> Information provided
---

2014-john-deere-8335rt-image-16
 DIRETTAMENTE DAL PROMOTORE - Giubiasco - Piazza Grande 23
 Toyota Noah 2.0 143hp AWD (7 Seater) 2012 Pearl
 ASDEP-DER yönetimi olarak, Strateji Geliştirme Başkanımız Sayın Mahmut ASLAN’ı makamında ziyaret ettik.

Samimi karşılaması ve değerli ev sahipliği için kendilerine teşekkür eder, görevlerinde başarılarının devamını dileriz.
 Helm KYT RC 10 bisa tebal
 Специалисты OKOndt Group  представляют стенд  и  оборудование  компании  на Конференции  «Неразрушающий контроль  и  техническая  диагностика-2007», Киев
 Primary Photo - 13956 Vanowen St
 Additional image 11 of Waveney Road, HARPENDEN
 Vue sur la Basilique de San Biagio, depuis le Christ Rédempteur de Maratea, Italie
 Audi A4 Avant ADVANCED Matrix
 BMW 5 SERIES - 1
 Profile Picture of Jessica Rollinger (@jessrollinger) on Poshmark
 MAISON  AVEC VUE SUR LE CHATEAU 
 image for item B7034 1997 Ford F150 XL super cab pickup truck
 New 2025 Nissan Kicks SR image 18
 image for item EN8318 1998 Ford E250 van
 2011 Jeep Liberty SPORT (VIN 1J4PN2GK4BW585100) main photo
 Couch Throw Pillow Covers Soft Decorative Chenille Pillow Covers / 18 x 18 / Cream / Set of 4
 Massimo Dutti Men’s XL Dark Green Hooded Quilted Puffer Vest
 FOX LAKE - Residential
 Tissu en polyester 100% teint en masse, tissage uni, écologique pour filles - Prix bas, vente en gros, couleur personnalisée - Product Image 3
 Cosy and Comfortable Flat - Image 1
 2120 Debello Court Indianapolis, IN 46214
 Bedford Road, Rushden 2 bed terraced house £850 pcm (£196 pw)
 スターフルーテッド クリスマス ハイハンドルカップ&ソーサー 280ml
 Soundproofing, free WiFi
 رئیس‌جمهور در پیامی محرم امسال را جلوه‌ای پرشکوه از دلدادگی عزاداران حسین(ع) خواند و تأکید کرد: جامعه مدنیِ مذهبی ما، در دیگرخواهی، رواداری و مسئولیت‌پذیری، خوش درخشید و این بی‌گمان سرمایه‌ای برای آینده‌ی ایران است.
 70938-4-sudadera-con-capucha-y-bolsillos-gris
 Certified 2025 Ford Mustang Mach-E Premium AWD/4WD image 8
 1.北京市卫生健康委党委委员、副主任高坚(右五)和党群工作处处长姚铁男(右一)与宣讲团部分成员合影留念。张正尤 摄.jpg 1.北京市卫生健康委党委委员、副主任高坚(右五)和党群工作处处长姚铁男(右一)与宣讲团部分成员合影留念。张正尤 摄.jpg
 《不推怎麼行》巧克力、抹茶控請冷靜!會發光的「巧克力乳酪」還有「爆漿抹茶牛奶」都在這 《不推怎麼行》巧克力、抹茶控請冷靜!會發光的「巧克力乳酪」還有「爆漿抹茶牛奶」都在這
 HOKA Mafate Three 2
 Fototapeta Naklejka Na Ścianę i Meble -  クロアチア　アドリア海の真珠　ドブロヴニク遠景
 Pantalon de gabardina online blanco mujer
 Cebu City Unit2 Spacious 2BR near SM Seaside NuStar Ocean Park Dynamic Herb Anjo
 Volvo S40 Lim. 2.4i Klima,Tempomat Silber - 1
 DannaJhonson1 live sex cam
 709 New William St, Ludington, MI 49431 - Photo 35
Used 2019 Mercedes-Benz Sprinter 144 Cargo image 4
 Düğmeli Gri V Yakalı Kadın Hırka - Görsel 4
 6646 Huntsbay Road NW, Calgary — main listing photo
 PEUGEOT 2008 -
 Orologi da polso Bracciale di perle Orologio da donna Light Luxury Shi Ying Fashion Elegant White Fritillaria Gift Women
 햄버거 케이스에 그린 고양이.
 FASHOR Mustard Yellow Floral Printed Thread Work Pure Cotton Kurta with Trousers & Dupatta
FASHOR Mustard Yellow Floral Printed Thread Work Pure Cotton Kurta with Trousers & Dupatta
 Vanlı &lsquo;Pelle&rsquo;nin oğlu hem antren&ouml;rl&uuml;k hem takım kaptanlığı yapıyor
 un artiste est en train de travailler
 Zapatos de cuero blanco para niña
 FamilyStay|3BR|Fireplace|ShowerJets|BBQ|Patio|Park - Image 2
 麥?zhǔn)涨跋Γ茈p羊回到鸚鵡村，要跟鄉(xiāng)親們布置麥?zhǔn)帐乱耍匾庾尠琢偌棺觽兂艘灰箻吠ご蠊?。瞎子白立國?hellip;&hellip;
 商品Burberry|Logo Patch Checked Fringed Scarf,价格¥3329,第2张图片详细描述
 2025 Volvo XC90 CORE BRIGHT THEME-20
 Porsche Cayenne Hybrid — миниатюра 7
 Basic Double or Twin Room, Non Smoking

---

Could you give the records above again, exactly and in full?

> Solution to this exercise
2014-john-deere-8335rt-image-16
 DIRETTAMENTE DAL PROMOTORE - Giubiasco - Piazza Grande 23
 Toyota Noah 2.0 143hp AWD (7 Seater) 2012 Pearl
 ASDEP-DER yönetimi olarak, Strateji Geliştirme Başkanımız Sayın Mahmut ASLAN’ı makamında ziyaret ettik.

Samimi karşılaması ve değerli ev sahipliği için kendilerine teşekkür eder, görevlerinde başarılarının devamını dileriz.
 Helm KYT RC 10 bisa tebal
 Специалисты OKOndt Group  представляют стенд  и  оборудование  компании  на Конференции  «Неразрушающий контроль  и  техническая  диагностика-2007», Киев
 Primary Photo - 13956 Vanowen St
 Additional image 11 of Waveney Road, HARPENDEN
 Vue sur la Basilique de San Biagio, depuis le Christ Rédempteur de Maratea, Italie
 Audi A4 Avant ADVANCED Matrix
 BMW 5 SERIES - 1
 Profile Picture of Jessica Rollinger (@jessrollinger) on Poshmark
 MAISON  AVEC VUE SUR LE CHATEAU 
 image for item B7034 1997 Ford F150 XL super cab pickup truck
 New 2025 Nissan Kicks SR image 18
 image for item EN8318 1998 Ford E250 van
 2011 Jeep Liberty SPORT (VIN 1J4PN2GK4BW585100) main photo
 Couch Throw Pillow Covers Soft Decorative Chenille Pillow Covers / 18 x 18 / Cream / Set of 4
 Massimo Dutti Men’s XL Dark Green Hooded Quilted Puffer Vest
 FOX LAKE - Residential
 Tissu en polyester 100% teint en masse, tissage uni, écologique pour filles - Prix bas, vente en gros, couleur personnalisée - Product Image 3
 Cosy and Comfortable Flat - Image 1
 2120 Debello Court Indianapolis, IN 46214
 Bedford Road, Rushden 2 bed terraced house £850 pcm (£196 pw)
 スターフルーテッド クリスマス ハイハンドルカップ&ソーサー 280ml
 Soundproofing, free WiFi
 رئیس‌جمهور در پیامی محرم امسال را جلوه‌ای پرشکوه از دلدادگی عزاداران حسین(ع) خواند و تأکید کرد: جامعه مدنیِ مذهبی ما، در دیگرخواهی، رواداری و مسئولیت‌پذیری، خوش درخشید و این بی‌گمان سرمایه‌ای برای آینده‌ی ایران است.
 70938-4-sudadera-con-capucha-y-bolsillos-gris
 Certified 2025 Ford Mustang Mach-E Premium AWD/4WD image 8
 1.北京市卫生健康委党委委员、副主任高坚(右五)和党群工作处处长姚铁男(右一)与宣讲团部分成员合影留念。张正尤 摄.jpg 1.北京市卫生健康委党委委员、副主任高坚(右五)和党群工作处处长姚铁男(右一)与宣讲团部分成员合影留念。张正尤 摄.jpg
 《不推怎麼行》巧克力、抹茶控請冷靜!會發光的「巧克力乳酪」還有「爆漿抹茶牛奶」都在這 《不推怎麼行》巧克力、抹茶控請冷靜!會發光的「巧克力乳酪」還有「爆漿抹茶牛奶」都在這
 HOKA Mafate Three 2
 Fototapeta Naklejka Na Ścianę i Meble -  クロアチア　アドリア海の真珠　ドブロヴニク遠景
 Pantalon de gabardina online blanco mujer
 Cebu City Unit2 Spacious 2BR near SM Seaside NuStar Ocean Park Dynamic Herb Anjo
 Volvo S40 Lim. 2.4i Klima,Tempomat Silber - 1
 DannaJhonson1 live sex cam
 709 New William St, Ludington, MI 49431 - Photo 35
Used 2019 Mercedes-Benz Sprinter 144 Cargo image 4
 Düğmeli Gri V Yakalı Kadın Hırka - Görsel 4
 6646 Huntsbay Road NW, Calgary — main listing photo
 PEUGEOT 2008 -
 Orologi da polso Bracciale di perle Orologio da donna Light Luxury Shi Ying Fashion Elegant White Fritillaria Gift Women
 햄버거 케이스에 그린 고양이.
 FASHOR Mustard Yellow Floral Printed Thread Work Pure Cotton Kurta with Trousers & Dupatta
FASHOR Mustard Yellow Floral Printed Thread Work Pure Cotton Kurta with Trousers & Dupatta
 Vanlı &lsquo;Pelle&rsquo;nin oğlu hem antren&ouml;rl&uuml;k hem takım kaptanlığı yapıyor
 un artiste est en train de travailler
 Zapatos de cuero blanco para niña
 FamilyStay|3BR|Fireplace|ShowerJets|BBQ|Patio|Park - Image 2
 麥?zhǔn)涨跋Γ茈p羊回到鸚鵡村，要跟鄉(xiāng)親們布置麥?zhǔn)帐乱耍匾庾尠琢偌棺觽兂艘灰箻吠ご蠊?。瞎子白立國?hellip;&hellip;
 商品Burberry|Logo Patch Checked Fringed Scarf,价格¥3329,第2张图片详细描述
 2025 Volvo XC90 CORE BRIGHT THEME-20
 Porsche Cayenne Hybrid — миниатюра 7
 Basic Double or Twin Room, Non Smoking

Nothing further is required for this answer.